@Jack79, he could do that. Right now the syntax and semantics of the adverb are such that the adverb modifies the evil thing by saying how or in what manner it is evil. (We need an adverb because “evil” is being used as an adjective.) The sentence is not about his feeling.
In order to speak about the effect it has on him while still applying to the evil thing, it would have to be turned around and reoriented so that the attribute of the evilness is expressed in terms of an effect on others. If it causes him to seethe, then it would have to mean something like “causing-to-seethe-ly” or “seethe-makingly.” We don’t have any such word. Remember that “seethe” is being used figuratively, with “boiling” being an analog for an emotion, but it has to work first on a literal level. What causes something to boil? Heat. So we’d need a word that means “heating to the boiling point,” and we don’t have such a word available to be turned into an adverb.
So what does express this kind of quality as an effect on others? Let’s start with the other end, with the emotion. Seething isn’t an emotion; it’s a metaphor for an emotion. What is the emotion? anger? fury? revulsion? loathing? Those would be the sources of your adverbs if you were adding the emotional component. You’d build it this way:
The evil of certain people and ideologies {infuriates | revolts | maddens} me.
[To pick one]
It has an infuriating effect on me.
They are infuriatingly evil.
If I were his editor, I would not let him say this. It adds no meaning, and it diminishes the effect of the statement by turning it into something subjective. It takes the focus off the subject and makes it about the speaker. But this is the way to structure the adverb so that it expresses a feeling attributed to the speaker and not to the thing he is talking about.

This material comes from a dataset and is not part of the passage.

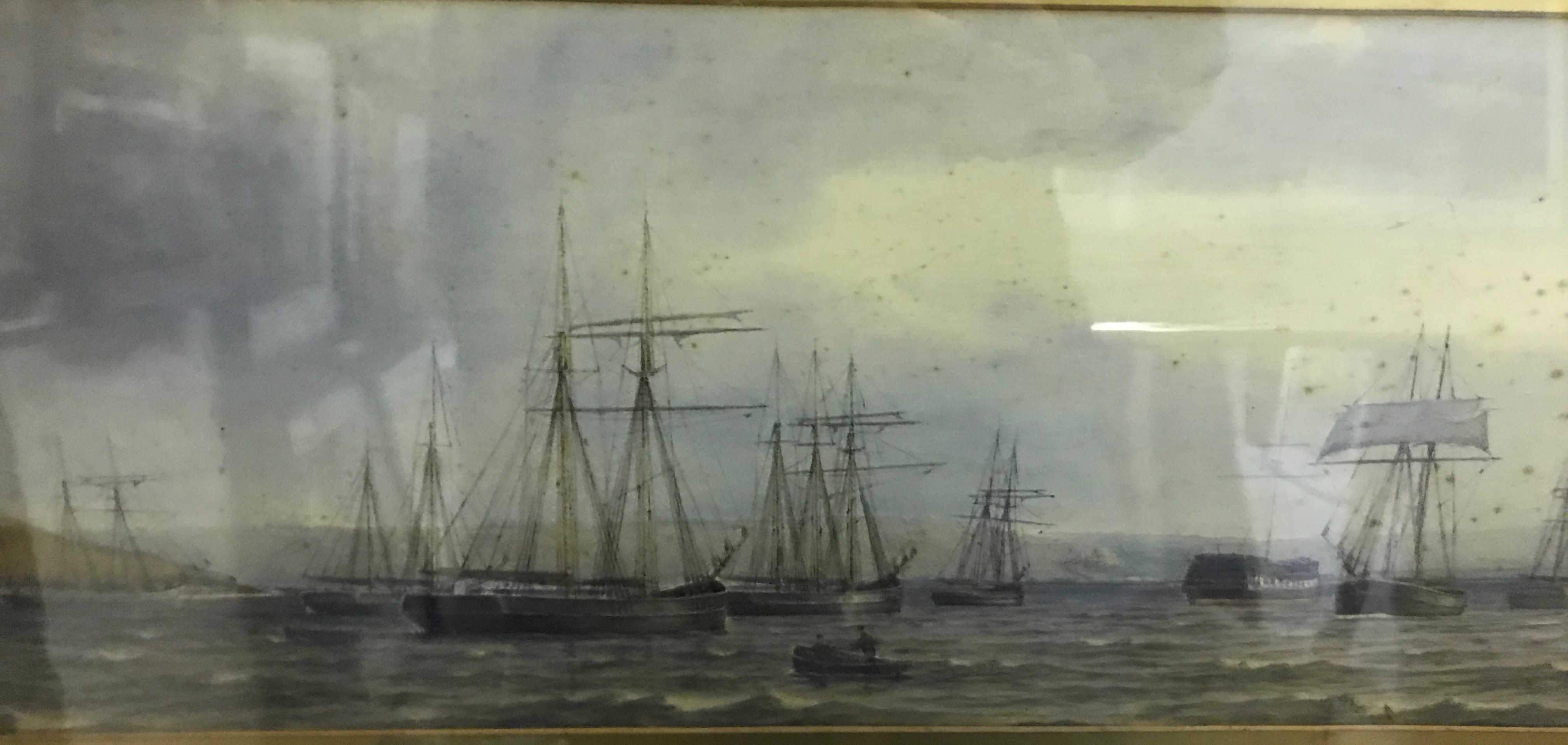 19TH CENTURY ENGLISH SCHOOL "Carrick Roads, Falmouth, Cornwall", - Image 2 of 3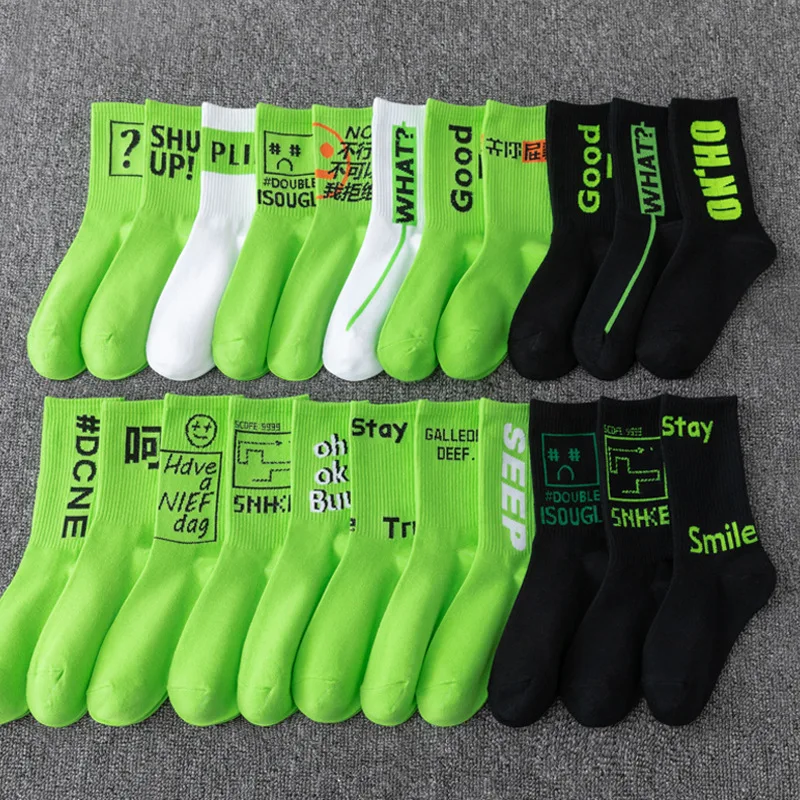 Men Sock Set 4 Pairs Cotton Socks Green Long Socks Funny Printed Socks Sports Socks Fashion Women Mid-tube Hosiery Free Shipping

“Unsettlingly” would be analogous to that: it would say that the evil thing he is describing has an unsettling effect on him.
We do have to remember here that we are talking about evil, which is generally taken to be not a good thing, which harms and angers and unsettles (etc.) people and which by virtue of being evil usually does not need much added explanation. I would say that the writer has a bigger task to perform in justifying calling any people or ideology evil, and so he’s going to need to hold an objective stance if possible. (Or maybe all he does mean is that those unnamed people and their ideology make him seethe—that is their crime, and not being evil per se.)
In morphail’s OED example, “seethingly” is used to modify the person’s anger: the friend is angry or is showing anger in a seething way. This makes sense and is consistent with the meaning and metaphorical application of the word.